Finally went to the Social Security office a few weeks back. It was the first step to legally restoring my maiden name. I took something to read anticipating a long wait, but my number was called in less than 30 minutes. Moments later, the gentleman at window number one slid my driver’s license and divorce judgment back to me and said that my new social security card would arrive within two weeks.
And there it was.
In less than 30 minutes my maiden name was restored. That’s just about how long it took for me to take on my ex-husband’s name initially when we got married at the Alameda County courthouse. This time though, instead of well wishes and smiles as we left the courthouse, I experienced a quick, cold, and impersonal process to give back a name I so willingly embraced only several years prior.
The divorce has been final for quite some time and we were separated long before that, yet I still had pangs of pain at hearing that it was done; my name restored. Anyone who says that divorce is easy must be very detached from the process. Maybe you have to be. I haven’t been detached from any of this process…though I have longed to be–prayed to be–begged to be. They say what doesn’t kill you makes you stronger and no, I didn’t die a physical death but in the wake of my divorce there was certainly a death. The relationship died. And the me I was in that relationship died. I mourned the first and rejoice over the second.
Mourning the death of the relationship is over except when I am tying up loose ends like this that I have been putting off. After I left the social security office I realized how much I had procrastinated about this task. Based on the blow that killed the marriage, I should have practically ran people over with my car trying to get over to that office and reclaim my maiden name before the ink was dry on the divorce judgment, but I didn’t. In the months following the arrival of the final divorce decree, I told myself it was too inconvenient–who has time to sit for hours at the social security office (DMV office, etc.) and wait? It wasn’t that I had hope of reconciliation, but rather finalizing the smaller matters were just reminders of a relationship gone south–way south.
No one can ever explain to you the depth of pain you will feel at the severing of a marriage. And it doesn’t matter whether you are the petitioner or the respondent–each side feels some level of pain–albeit in varying degrees. It is a very literal tearing apart. Two people vowed to work through everything, for better or for worse and at least in my case, clearly that promise would not be met.
Obviously, I reclaimed my name (and symbolically my life) long before my visit to the social security office–that was just a formality. Looking at it now, the procrastination to finish these details was possibly symbolic of my whole journey in and through the divorce.

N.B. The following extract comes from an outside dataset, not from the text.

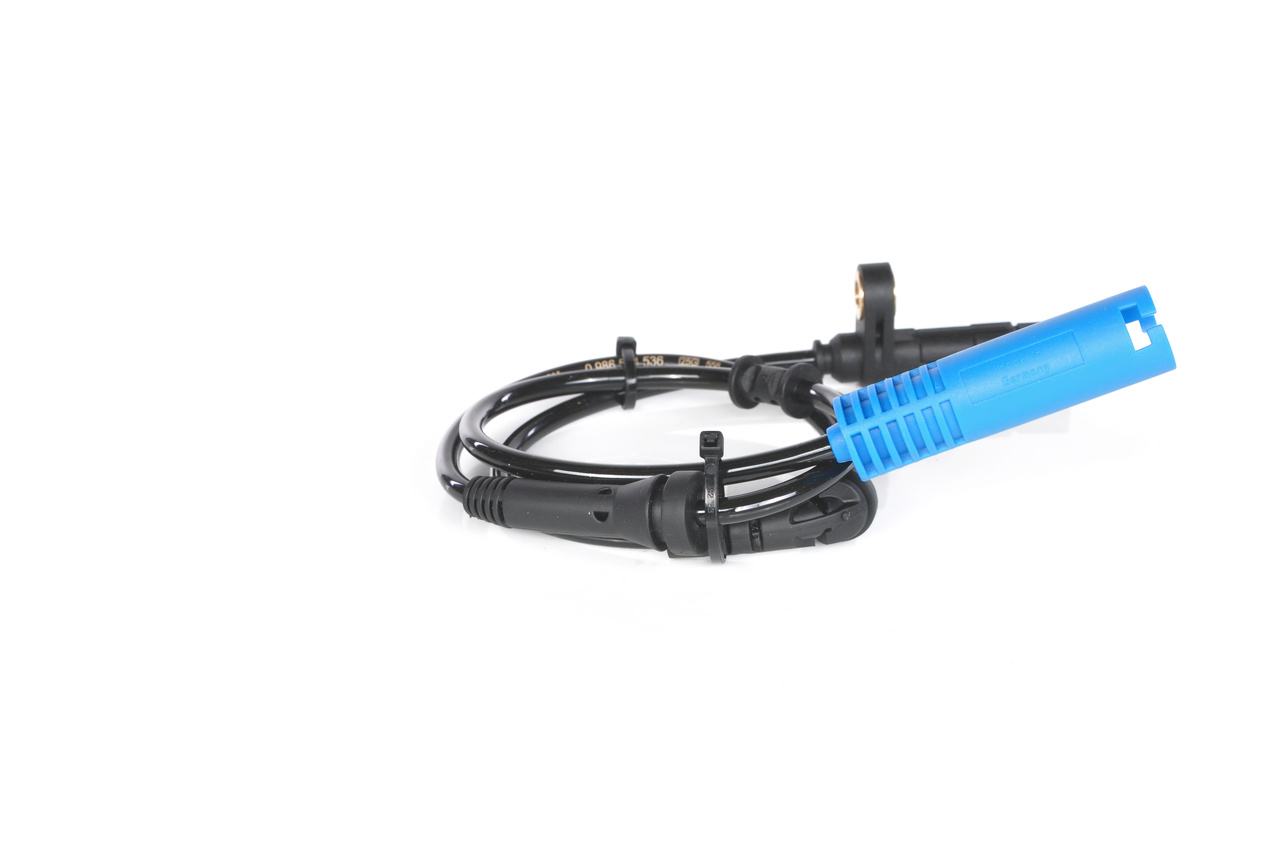 BOSCH 0 986 594 536 Sensor, wheel speed for MINI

I had invested my whole self (the good, the bad, and yes, the ugly) in joining myself to another person. It was difficult for me to adjust to the loss. We give all, risk all, and sometimes…lose all but I am so glad I gave my whole heart to my then husband and to the relationship. I know now that my capacity to love goes deep and I am a better, stronger, and more compassionate person today for having gone through every part of that relationship from happy, hopeful, beginning to sad end; and I am greateful for every moment–I can say that now. Truly the saying that, it’s better to have loved and lost than to never have loved at all rings true for me.

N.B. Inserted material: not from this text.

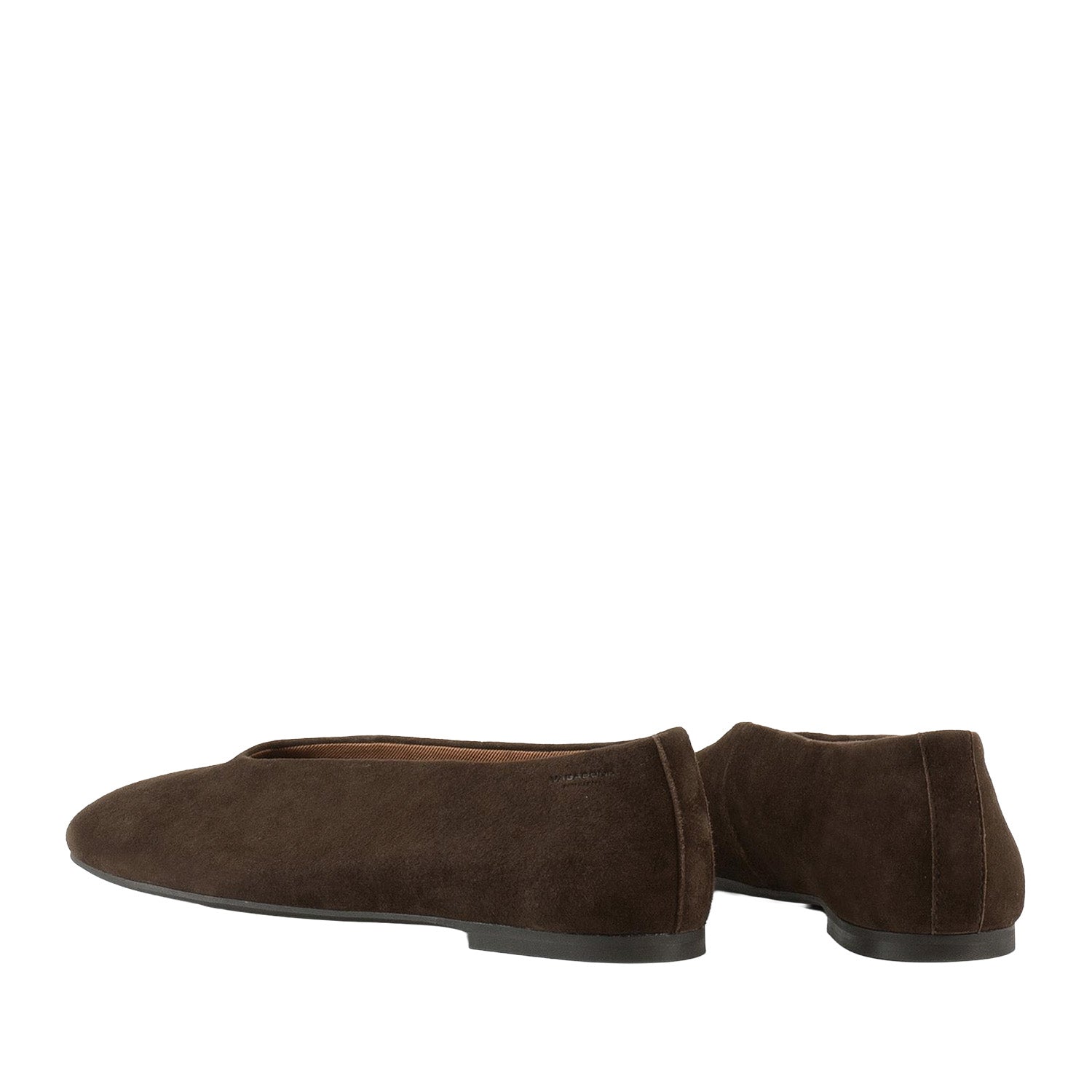 Vagabond Women's Aleya 6119-140 in Coffee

Would I have liked for the lessons to be less painful and the journey less bumpy? Heck yeah! But that’s not how my story was to go. And for me, the revelation is that before I ever took on my ex-hubands name I took on my heavenly Father’s name. So while I did have to reclaim my earthly maiden name, I am humbled by the fact that I never lost or had to reclaim my heavenly name or status in His kingdom. What I went through and experienced was painful beyond anything I could have imagined, but I know for certain that God was right there with me. I would not be the me I am now, healed and working toward wholeness, if it had not been for the grace, wisdom, and unconditional love of my Father.
So what’s in a name? Everything if it’s the right name. For me, the name and mark of my Heavely Father on my life has meant everything.
D.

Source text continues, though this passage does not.